R. No lo veo como un ajuste de cuentas, sino como el espacio donde convergen los intereses, gustos, dolores, desde una perspectiva en la que la parodia juega un papel fundamental.
P. En el libro explica que jamás se ha conformado con repetirse, que siempre ha intentado crecer, cambiar, pero que ahora descubre en su obra una extraordinaria coherencia… ¿cuáles serían las claves de esa coherencia?
R. El riesgo de un escritor es engolosinarse con una forma en la que se siente a sus anchas. Para mí resulta indispensable cambiar de rumbo cuando siento que acecha el peligro de la repetición. De alguna manera, quizás no del todo consciente, percibo cuando una etapa ya se completó y requiero entonces de nuevos caminos. Sin embargo, me doy cuenta de que aun cuando hay diferencias notables entre las distintas etapas de mi escritura, hay también puntos de unión. De ellos surge la coherencia. Como dicen Matisse y muchos otros pintores, no se deja de hacer la misma obra nada más que de diferente manera.

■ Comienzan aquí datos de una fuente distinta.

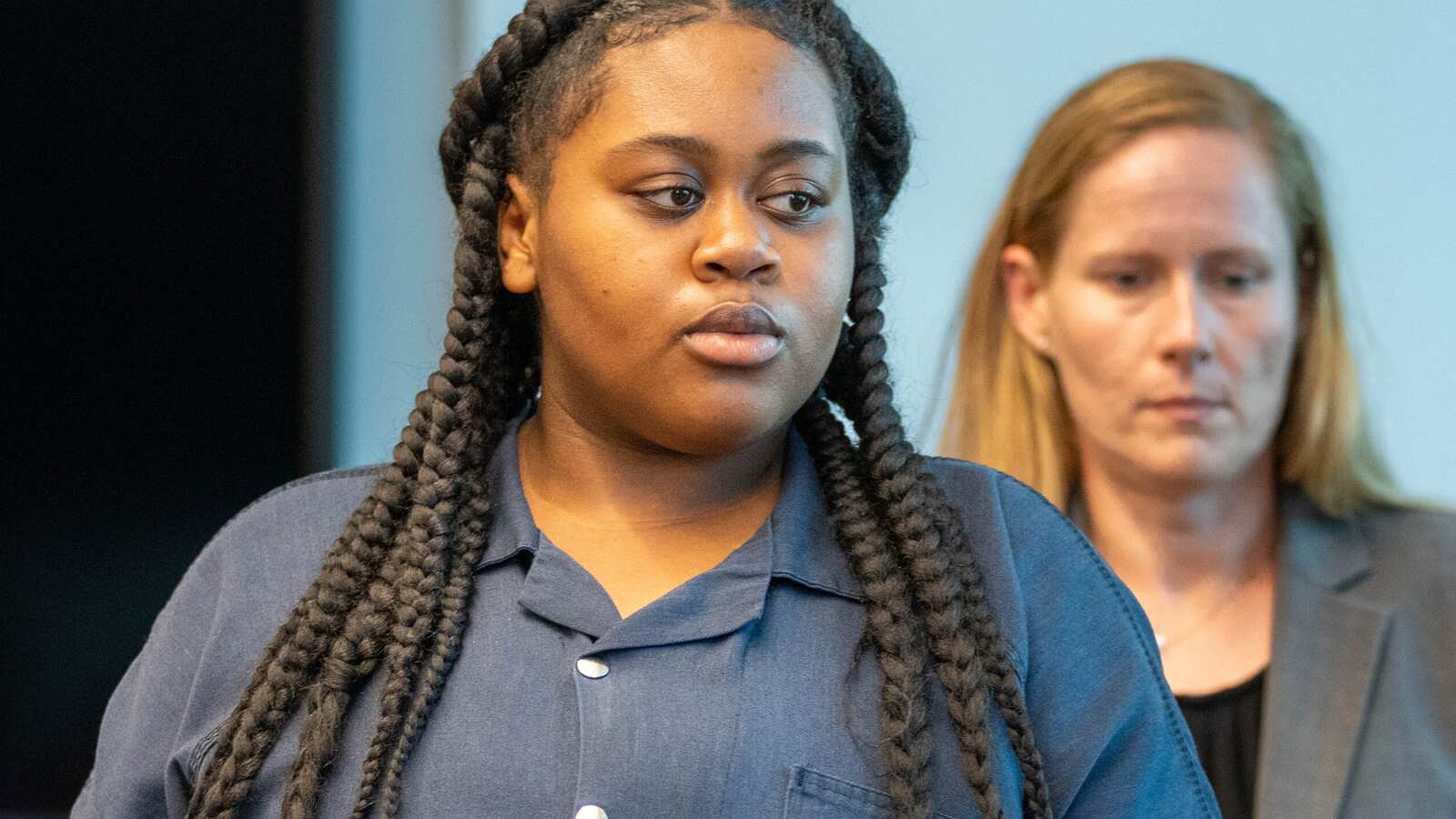 Menor de edad mata a su violador y ahora deberá pagar 150 mil dólares a la familia de éste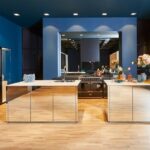 12 Kitchen Tile Trends for 2024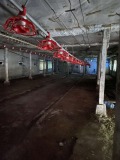 Продава ПАРЦЕЛ, област Търговище, с. Овчарово • 160000 лв. • 50050930 — Holmes.bg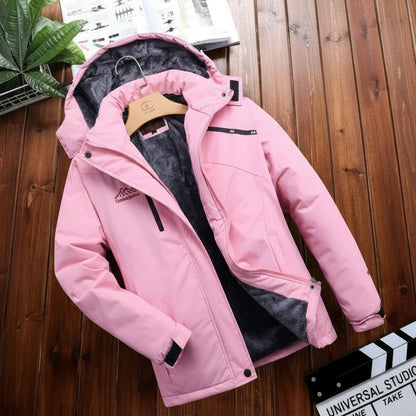 4890150275368,4890150275375,4890150275382,4890150275399,4890150275405,4890150275412,4890150275429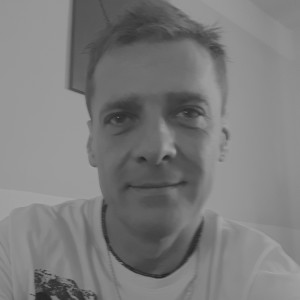 Profilbild von Christian Jelinek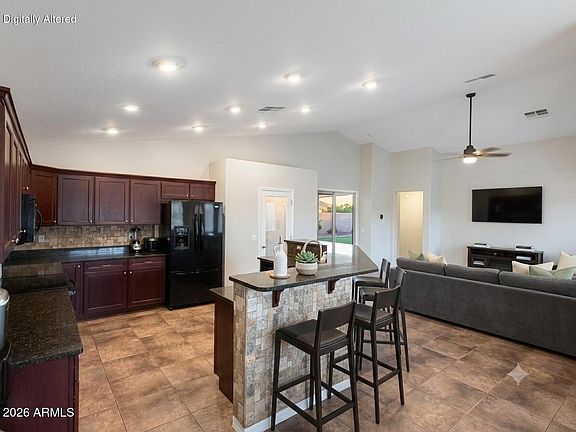 3rd image of 25212 W MALDONADO Drive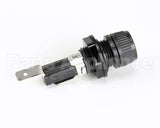8071321 Frymaster Holder, Type Hkp-Ah Fuse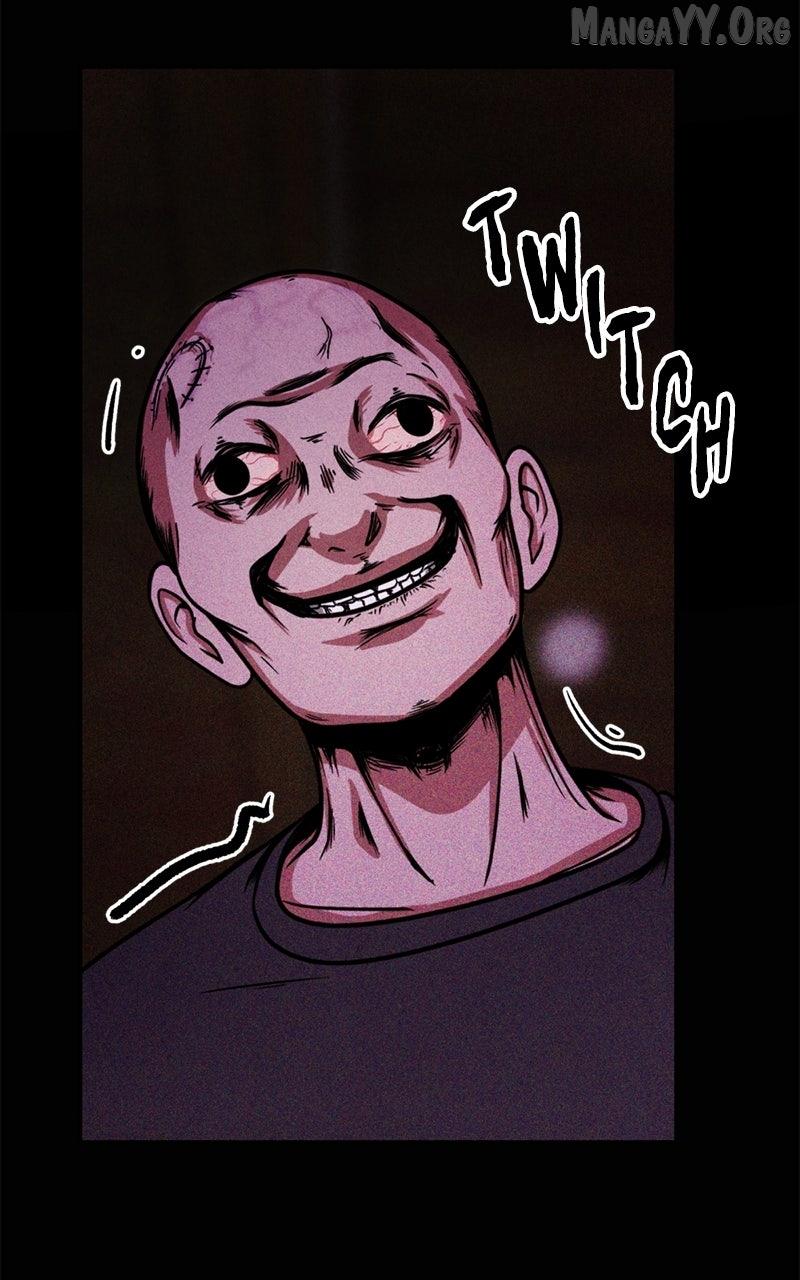 Read Shell chapter 15 image 78 on Lezhin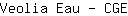 V***E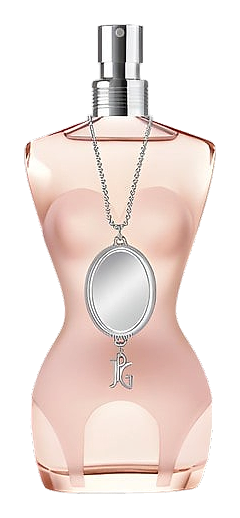 Classique Edition Collector by Jean Paul Gaultier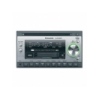  Panasonic CQ-CK2303W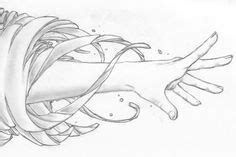 draw anime hands - Google Search | Reaching out drawing, Hand reaching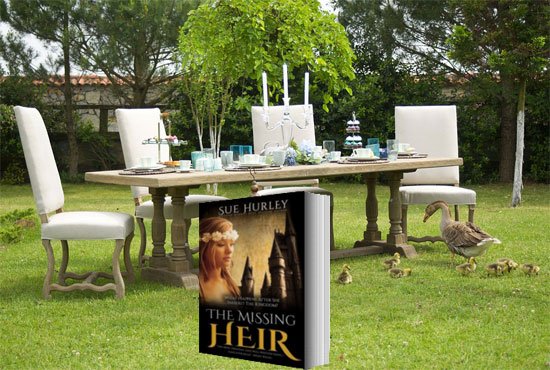 designintina's tweet photo. #FIVERR I will create a 3D Book Cover from your existing 2D cover design for $5.https://t.co/UFlCQ92kNu https://t.co/pxK2QrhwHn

P. ¿Cómo sería Sergio Pitol de no haber salido jamás de México?
R. Sin duda, mi obra sería distinta si me hubiera quedado en México. Viajar significa conocer entornos, costumbres, historias y, sobre todo, lecturas que de otra manera me hubieran sido negadas. Eso, aunado a la enorme libertad que implica estar fuera de la corriente cultural dominante -no formar parte de grupos ni sentir la obligación de responden a expectativas ajenas-, me ofreció la posibilidad de construir un mundo literario nutrido por polacos, rusos, japoneses, etcétera, que me llevaron a leer de distinta manera a los clásicos españoles, a los grandes autores del Siglo de Oro y a muchos más.
P. ¿Y sin la amistad de Carlos Monsiváis?

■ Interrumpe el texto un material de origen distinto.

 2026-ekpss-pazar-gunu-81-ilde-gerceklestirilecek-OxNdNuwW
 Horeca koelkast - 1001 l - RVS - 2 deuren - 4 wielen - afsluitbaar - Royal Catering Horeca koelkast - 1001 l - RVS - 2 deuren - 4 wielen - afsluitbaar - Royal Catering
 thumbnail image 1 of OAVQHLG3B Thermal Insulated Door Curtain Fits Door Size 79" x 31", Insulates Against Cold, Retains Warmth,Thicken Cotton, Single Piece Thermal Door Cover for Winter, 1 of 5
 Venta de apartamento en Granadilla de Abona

R. Las amistades de juventud son profundamente determinantes. Cincuenta y cinco años de amistad no son poca cosa. Las influencias son recíprocas y enriquecedoras. Viví tres décadas fuera de México, pero nunca rompí con México. Mi interés por los movimientos sociales, por las iniciativas de avanzada, por la posibilidad de una utopía que mejorara las condiciones de vida de la población, coincidió con el de Monsiváis.
P. Recuerda en el libro su espanto al releer, treinta años después, sus olvidados poemas de juventud... ¿Cuál de sus libros pasaría el examen implacable del tiempo, que no superaron esos poemas primerizos?

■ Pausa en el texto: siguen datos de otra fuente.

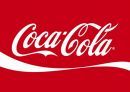 Επενδύει στο νερό η Coca Cola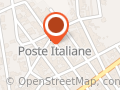 L'aranceto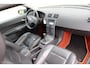 Volvo C30 1.8 leder cruise verw stoelen elektr schuifdak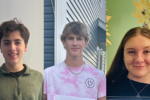Meet CHF Canada’s 2023 Diversity Scholarship recipients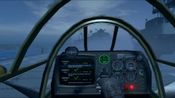 Buy 1976 - Back to Midway [VR] (PC) Steam Key GLOBAL
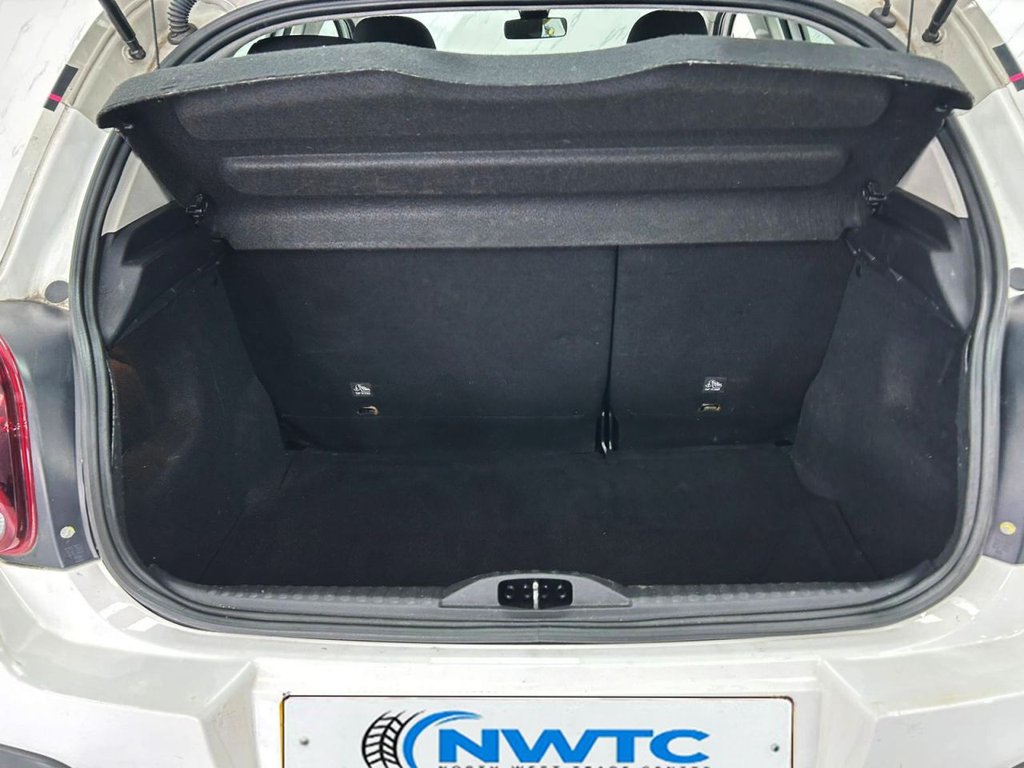 Used Citroen C3 2018 for sale - 75777218: Photo 19
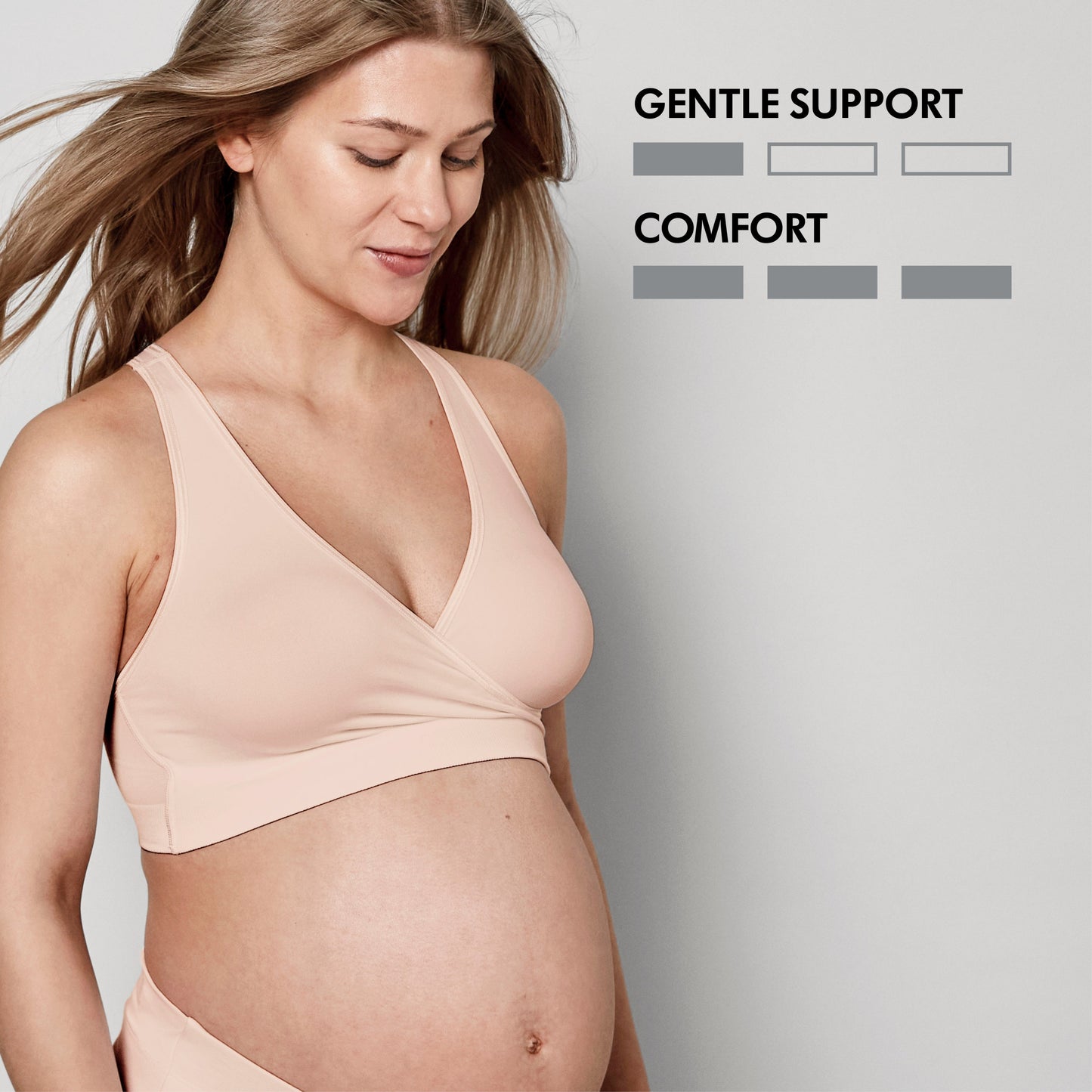 Medela Keep Cool Sleep Bra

R. Escribí con profundo placer cuatro libros: El desfile del amor, Domar a la divina garza, El arte de la fuga y El viaje. No sé si son los mejores, pero sí sé que el proceso de creación se dio sin trabas, de manera casi natural, y con una felicidad que, creo, se siente al momento de leerlo. Quizá por eso, y sin yo preverlo, tuvieron éxito con los lectores.
P. ¿Qué papel juegan, en su vida y en su obra, la imaginación y el recuerdo que huye y lo disfraza todo?
R. Memoria e imaginación son inseparables. Como se sabe, la memoria no es automática sino que la propia experiencia vital interviene en los recuerdos. Toda mi obra, desde el primer cuento, se construye en el cruce de ambas.
P. ¿Existe algún joven autor mexicano en cuya obra se reconozca hoy?
R. Creo que Juan Villoro, Álvaro Enrigue, Jorge Volpi, Tryno Maldonado... pero la verdad es que no soy yo quien pueda decirlo.